Though there may not be much new we can say about leaders, there is—will always be—more to say about the context in which leaders do their work, especially when that context changes dramatically.

The greatest athlete of his generation, Michael Jordan, had a great deal of trouble switching contexts (moving from basketball to baseball). He could lead the NBA in scoring almost at will, but his stat line in minor league baseball was dismal. When he switched sports his physical attributes did not change, but his ability to apply them, to profit from them, certainly did. Our work, in this book and in the projects we have planned for the future, is designed to ensure that the leaders we most care about (school leaders) do not lose their touch the way Jordan did when the game he was used to playing—and playing well—changed.

To handle new contexts school leaders have to build new skills, new awarenesses, new sensitivities, and new habits. And they have to ensure that their new habits do not handcuff them to what will soon become relics from the past. The challenge is not overwhelming, but it persists and will continue to persist. School leaders must care about, and tend to, online spaces and the way in which teachers and students interact with, and within, them, especially as these spaces become more ubiquitous in and around our schools. School leaders must care about, and tend to, the blended experiences put forward by their schools, thinking of the online aspects of their school as carefully as they would think about a new wing of their school.
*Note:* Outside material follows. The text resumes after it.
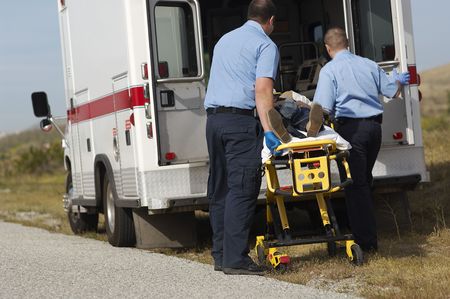 Paramedics transporting victim on stretcherの写真素材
We are not sounding a death knell for buildings in which school unfolds, just being clear-eyed about where much of school takes place now: online.

Much of the game—from the way people discover your school on a website, to the way that website helps them to deepen their understanding of your faculty and programs, to the way students gather educational materials, to the way in which teachers and students talk to each other and build relationships—is online.
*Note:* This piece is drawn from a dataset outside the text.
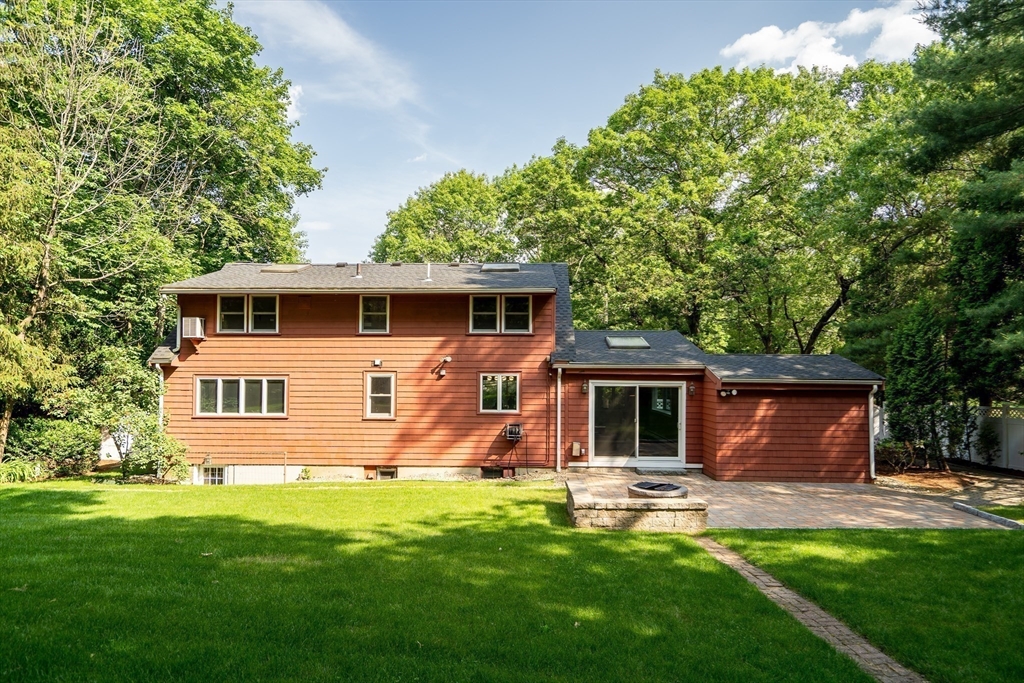 38 Maple Street Lexington, MA 02420 - Photo 35 of 40 a front view of house with yard and green space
Think about the last time you visited a website, let's say to buy something, where the interface really did not work very well. You could not figure out where to click to do what you wanted to do. There was no obvious way to seek help. If you completed a transaction, you did so in spite of the interface. Do we want students in our schools to have learned in spite of our online interfaces? To do high-level calculus in spite of …

Or, think about it this way. If, as a school leader, you walked into a classroom and found clutter, lack of clarity, a jumble of unorganized information scrawled on the board, a mess that obscured student learning, wouldn't you intervene? Would you not help the teacher? Why would you not do the same in Moodle or Blackboard or their equivalent at your school? Why would you not do the same in the case of poor email communication?

LIMITS

Blended leaders insist on a certain online presence for their organizations—that their organization's online presence be as good as it can be, as user friendly as it can be, as polished as it can be. They insist, too, that it improve incrementally, that it is maintained, that it is civil and reflects the best intentions of the institution. Blended leaders are the ones who care about the fact that people applying to your school cannot find what they need online, or that teachers have to perform eight different moves, six different ways, to upload a document to an online learning environment. They are the ones who say that an online resource could be more functional, more beautiful.
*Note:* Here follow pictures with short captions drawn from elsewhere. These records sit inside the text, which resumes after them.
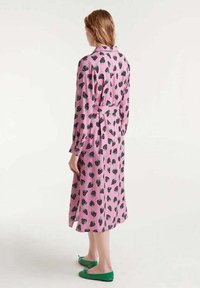 Vestido rosa con estampado de fresas en negro y verde, mangas largas, cintura ceñida con cinturón y largo a la mitad de la pantorrilla. Zapatos planos verdes complementan el conjunto.
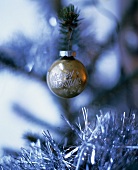 Christmas bauble with the words 'Merry Christmas' on tree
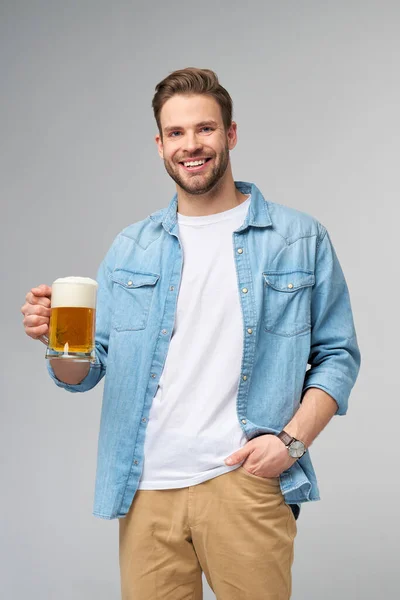 Young Man holding wearing jeans shirt holding glass of beer standing over Grey Background — Stock Photo, Image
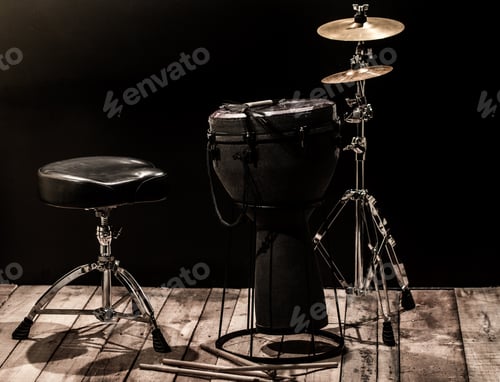 Preview: musical percussion instruments on black background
And they are the ones who, both understanding and respecting the online space, use the online space to connect with people, to build and maintain relationships, to learn, to save time, to construct knowledge, to be creative.

Diagrammatic representation of online presence in organizations.

They use the online space to extend their leadership, keeping things moving in an age where a lot of people spend a lot of time reading on screens, staring at screens, touching screens, interacting with screens, and in fact, where a whole army of people, on the flipside, are devoting their considerable talent and energy to making those screens even more touchable, even more fun to play with, even more beautiful. As Scott Dadich writes in an article in the September 2013 issue of Wired, “the next great challenge for design” is “weaving the threads of technology, information, and access seamlessly and elegantly into our everyday lives” (Dadich, 2013). Fast forward to April 2015 to Farhad Manjoo's review of the Apple Watch in the New York Times and you see some of these predictions bearing fruit:

The Apple Watch's most ingenious feature is its “taptic engine,” which alerts you to different digital notifications by silently tapping out one of several distinct patterns on your wrist. As you learn the taps over time, you will begin to register some of them almost subconsciously … after a few days, I began to get snippets of information from the digital world without having to look at a screen—or, if I had to look, I glanced for a few seconds rather than minutes. If such on-body messaging systems become more pervasive, wearable devices can become more than mere flashy accessory to the phone. The Apple Watch could usher in a transformation of social norms, just as profound as those we saw with its brother, the smartphone—except, amazingly, in reverse. (Manjoo, 2015)

Blended leaders find a way to tame the complexity that ripples outward from ingenuity. Because of their own professional and personal networks, they hear about innovations more quickly than others. Because of their mindsets, they seek to understand these innovations before adopting them or abandoning them. And finally, because of their awareness of, and allegiance to, their organization's missions, they understand how to process innovations into existing systems.

So, to use the Apple Watch as an example: The blended leaders in your school heard about it first, understood it quickly, and knew right away that if it is as amazing at delivering covert messages as Farhad Manjoo says it is, it shouldn't be on the wrists of young people taking summative assessments or standardized tests.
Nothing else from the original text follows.